Not surprisingly, although Larry Kramer underscored the revolution in instantaneity of web-based news available via cell phones and pocket-sized PDAs, Jill Abramson calmly, placidly, stolidly maintained that the New York Times continues to be the model and guiding light for contemporary journalism.

She utterly refused to acknowledge that the NYT is in a plummeting decline in readership and revenues, and characterized the decision to limit online access to their most popular opinion columnists to paying subscribers as a sort of benefit to paid subscribers of the printed paper. She dwelt at length on the notion that professional journalists have ethical standards, and do not traffic in rumor, innuendo, or (heavens forfend!) deliberate fabrications. She dismissed bloggers as offering nothing more than mere opinion, without any acknowledgment that individuals might have some expertise or perspective to support their views and analyses.
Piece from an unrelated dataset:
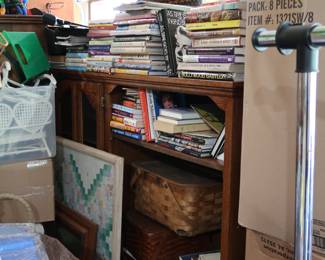Books, book cases, so much.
At least Len Downie seemed to flinch a little at her excesses. He indicated that his organization (Washington Post) is increasingly staffing itself with “experts” whose assignments and reporting are informed by their special competence.

But none of these worthies made the slightest reference to any of the journalistic misdeeds still reverberating through the minds of alienated consumers, and refused to acknowledge the decades of conspicuous anti-conservative partisanship of the press. They spoke of consumer dissatisfaction, but only as if it were simply an unfortunate misunderstanding of the noble and selfless journalists just doing their jobs. If only the consumers understood how compassionate and earnest journalists really truly are...

The discussion might better have been titled “I don’t See Any Icebergs.” It did little to give me hope of any self-imposed reform among the alleged professionals.


p.s. If you visit the TCU Alumni Newsletter website (http://www.alumni.tcu.edu/newsletter/312006/31200614.htm) you’ll see a wonderfully ironic illustration, probably a composite made with Photoshop. It depicts what seems to be a cell phone with a largish view screen showing the front page of the “TCU Daily Skiff” — the university’s long-established printed daily newspaper — with a portrait of Bob Schieffer under the masthead.